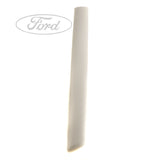 FIESTA MK5 N/S FRONT DOOR OUTSIDE BODY MOULDING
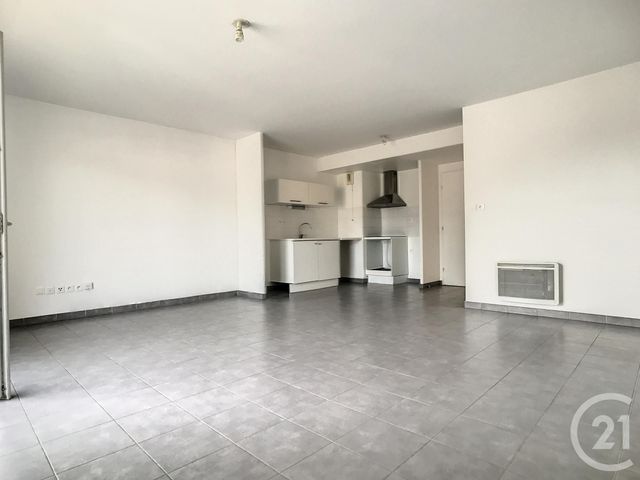 appartement - MONTPELLIER - 34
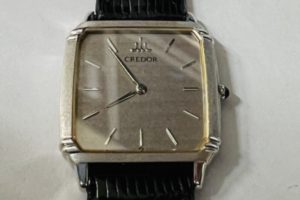 ブシュロン - 茅ヶ崎,腕時計,買取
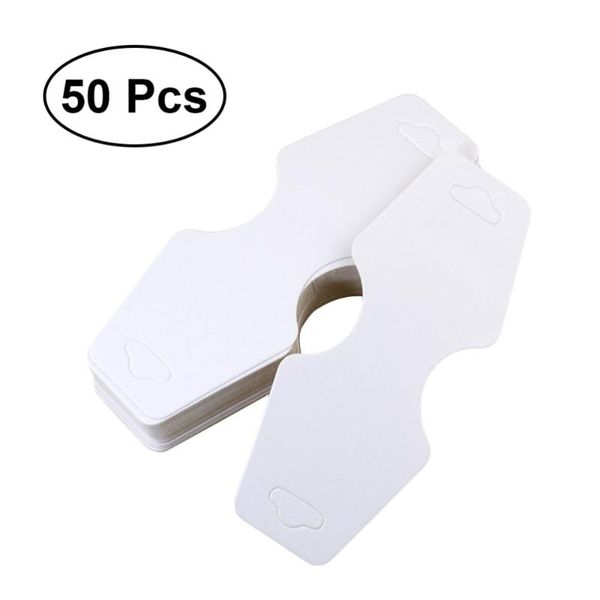 other arts and crafts 50pcs blank white kraft paper necklace display cards bracelet jewelry hanging
other arts and crafts 50pcs blank white kraft paper necklace display cards bracelet jewelry hanging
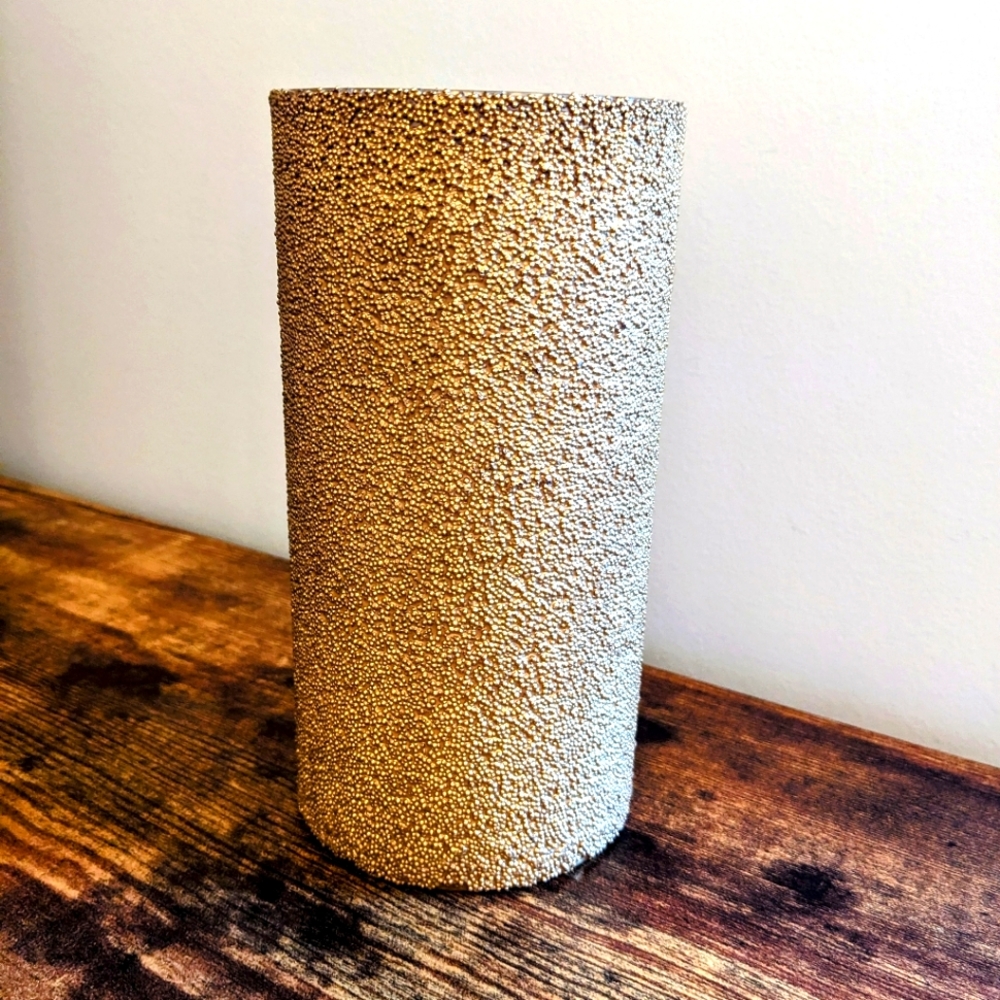 Rosenthal Studio Line "Golden Fleece" vase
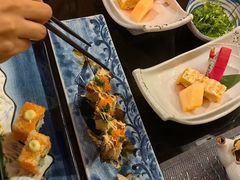 -昱匠·日本料理(金融街店)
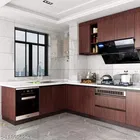 Bliss PVC Wallpaper for Home 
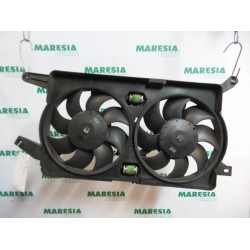 Alfa Romeo - 156 - Fan motor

:: Problem to work on ::
Give again exactly the lines from the one holding "Rosenthal Studio Line" to the final line of the records, both ends included, and nothing more. Pictures do not belong in the copy.

:: Answer for this exercise ::
 Rosenthal Studio Line "Golden Fleece" vase
 -昱匠·日本料理(金融街店)
 Bliss PVC Wallpaper for Home 
 Alfa Romeo - 156 - Fan motor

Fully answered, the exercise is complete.